FER Quite so. “Christ also loved the church, and gave himself for it”.
JP It is impossible to dissociate the love from Himself.
FER Suppose you were to commemorate the death of some great man in a particular way, you could then get but a remembrance, for the man himself is not living. If the Duke of Wellington had fallen at Waterloo, you might have instituted something to commemorate the battle, but you could only call to mind the fact, not the man himself, because the man is dead; but that is not true in regard to Christ; the moment you recall His death, as the expression of His love, He is realised as living, for the love is still there.
GW Do you mean, then, that when the bread is broken and the cup taken, that that brings Christ into the midst?
FER I would not say into the midst, but it brings Him into your consciousness; His presence is little gain to us if we are not conscious of it.
RSS Would you say that was quite so with the two disciples going to Emmaus? They had gained [p. 291] through being in His presence, even if they were not conscious of His presence.

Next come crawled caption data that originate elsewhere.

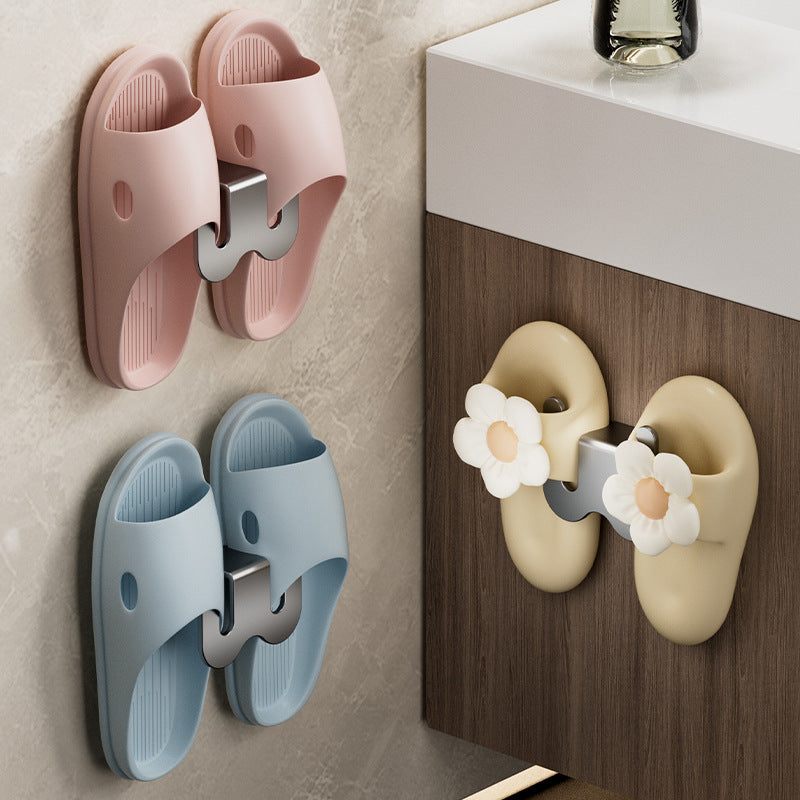Bathroom Slipper Rack Wall-Mounted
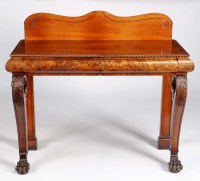 Lot 989 - An early 19th Century mahogany side table with...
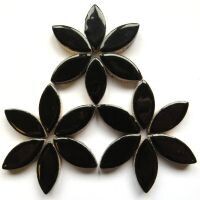 Ceramic Petals XL: Black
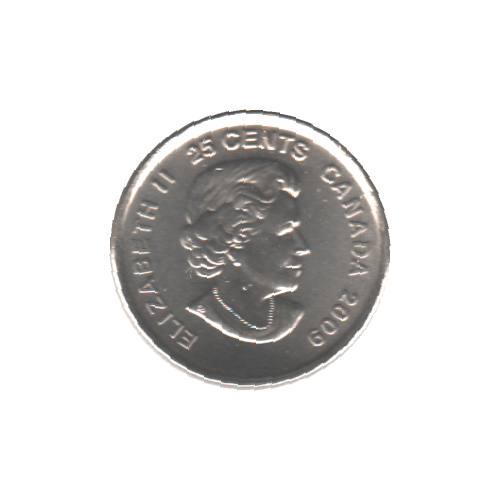 2009 25 cents CINDY KLASSEN BU (MS-64) - CHOICE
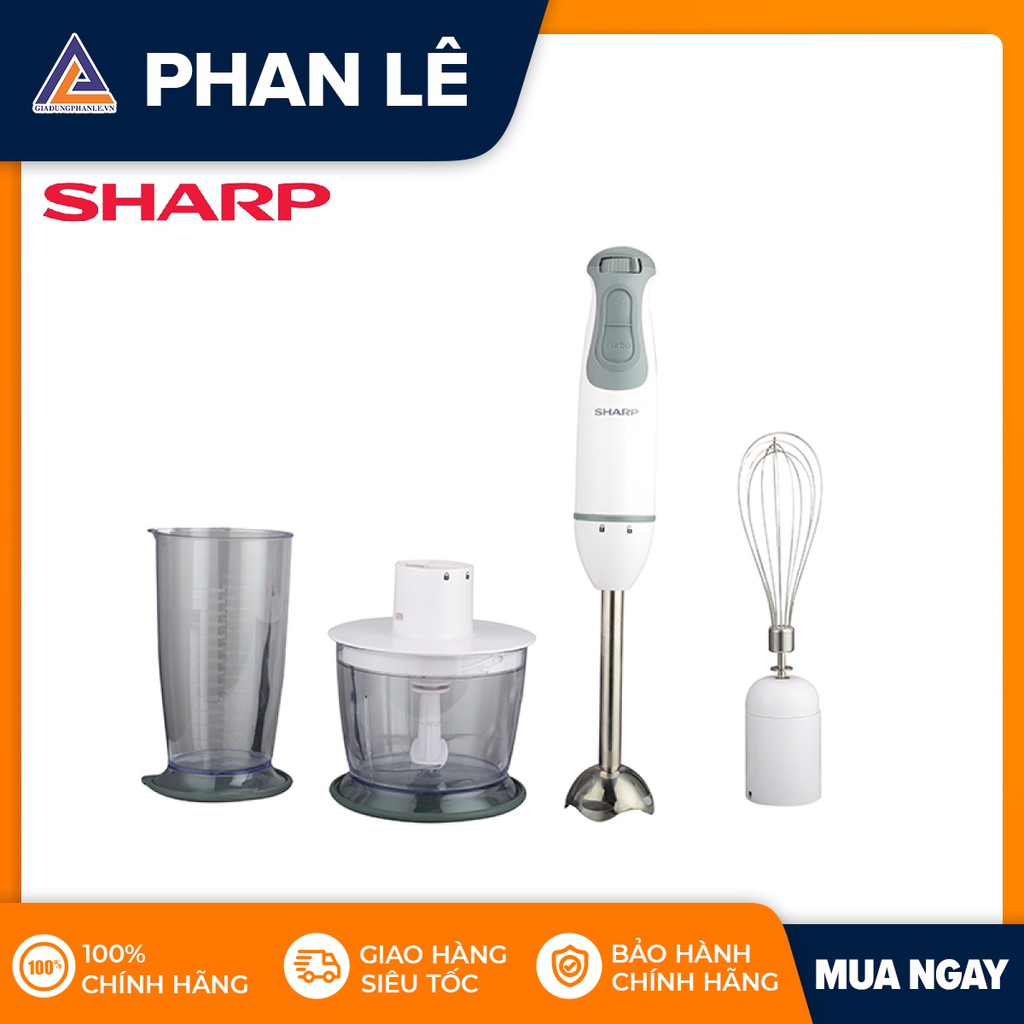 [Mã ELHA22 giảm 6% đơn 300K] Máy xay cầm tay Sharp EM-H076SV-WH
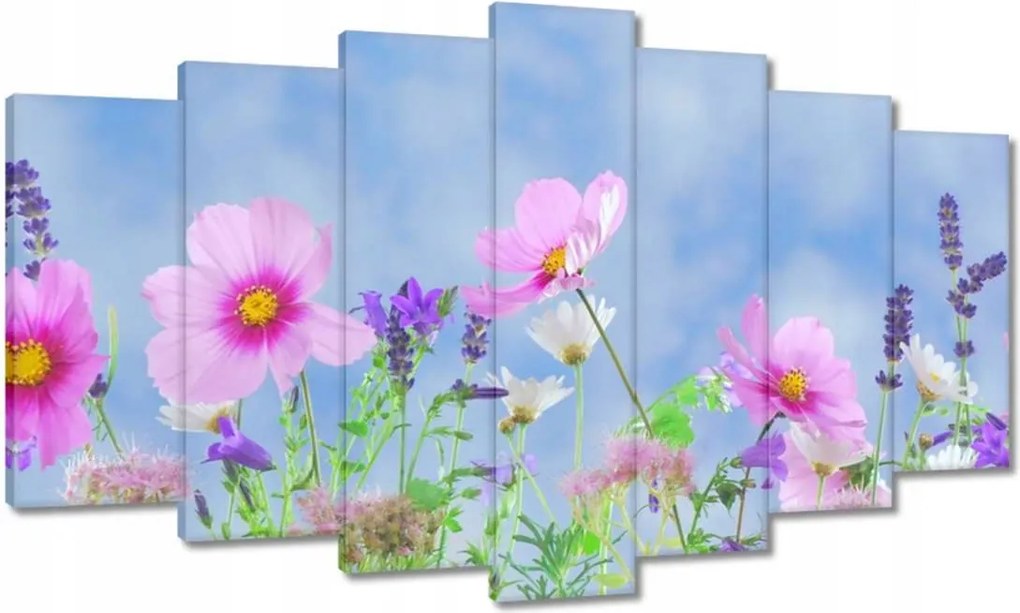 Vászonkép 140x80 Finom virágok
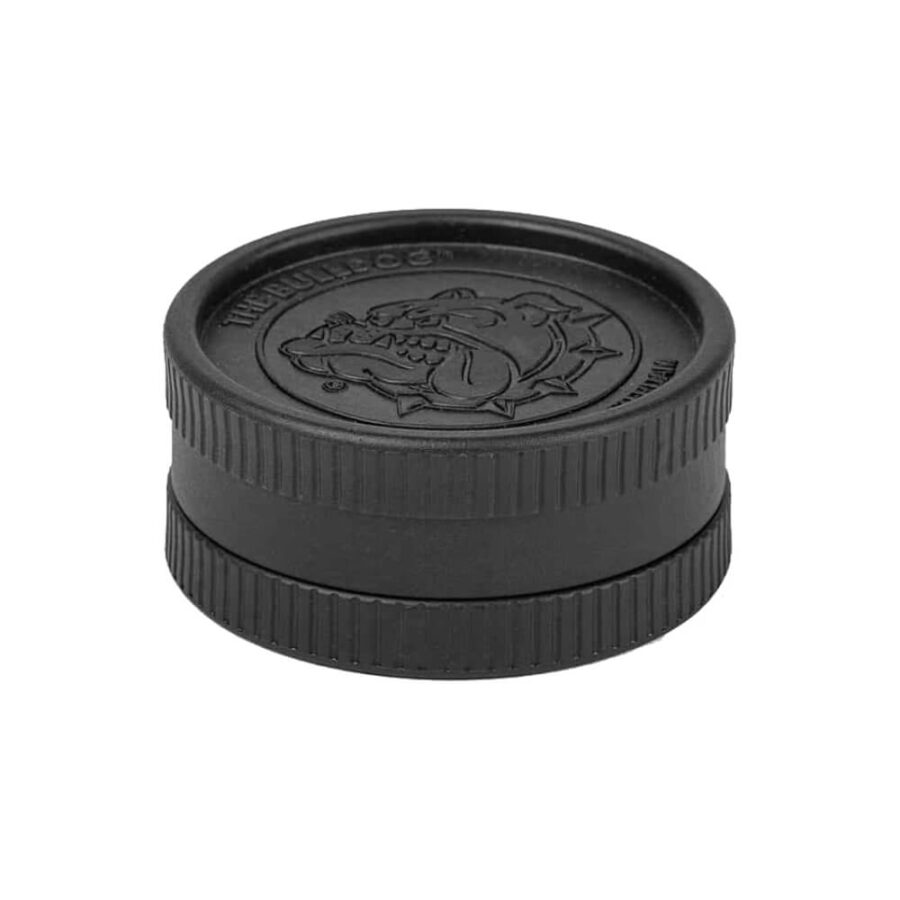 The Bulldog Black Eco 2-Parts Grinder - 55mm (24stk/display)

FER I admit that, but it is curious that He was known of them in the breaking of bread. Perhaps I might modify what I said, for if Christ is present it is exceedingly possible that those not conscious of His presence may get gain.
RSS And the Lord gets a response from those who have been made conscious of His presence. They could say, “Did not our heart burn within us”; but at the same time there was not the outgoing at the time that there would have been had they known who He was.
FER No, He was simply to them an expositor.
WM I suppose the Corinthians were hardly fit to enter into the assembly in its normal character.
FER No, and hence the apostle does not unfold it. You get no idea in these chapters of the sanctuary; the saints are not contemplated there in that connection; there was too much disorder; the apostle is correcting disorder in these chapters.
JC That thought has often troubled me, were there any there who could enter into the normal condition?
FER There may have been some, but it was not general.
JC Is such a state of things possible, that part can enter in, and not the rest?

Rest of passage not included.